__Exercise data__.
== Segment start ==

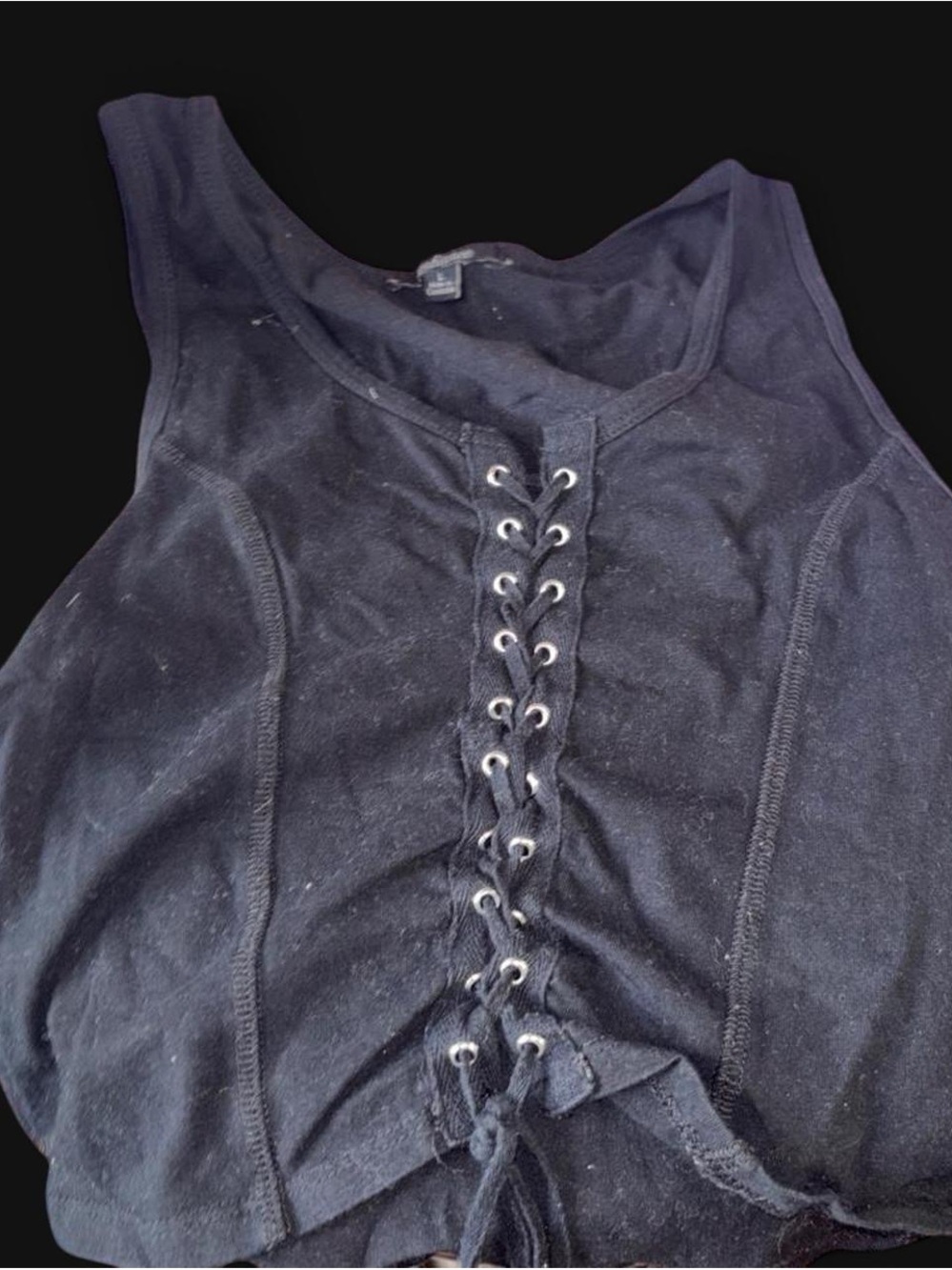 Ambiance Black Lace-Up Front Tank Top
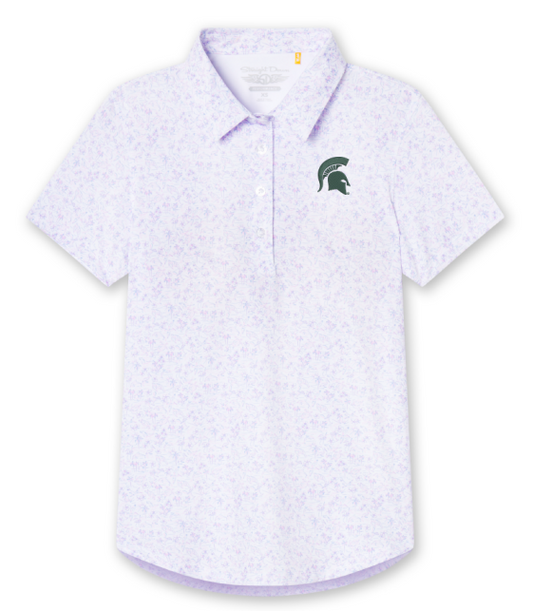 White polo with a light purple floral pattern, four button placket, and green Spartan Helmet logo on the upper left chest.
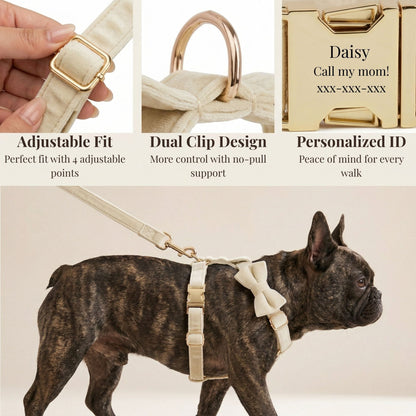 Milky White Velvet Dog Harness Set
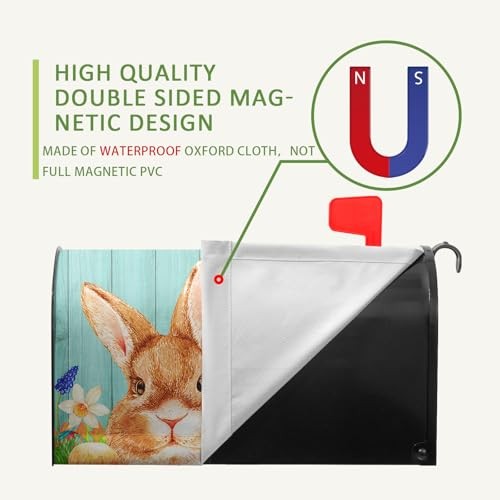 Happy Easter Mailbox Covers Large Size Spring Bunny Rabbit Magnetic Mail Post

== Segment end ==

__Try it__.
For this exercise, return the material word for word and drop each image.

__Solution__.
 Ambiance Black Lace-Up Front Tank Top
 White polo with a light purple floral pattern, four button placket, and green Spartan Helmet logo on the upper left chest.
 Milky White Velvet Dog Harness Set
 Happy Easter Mailbox Covers Large Size Spring Bunny Rabbit Magnetic Mail Post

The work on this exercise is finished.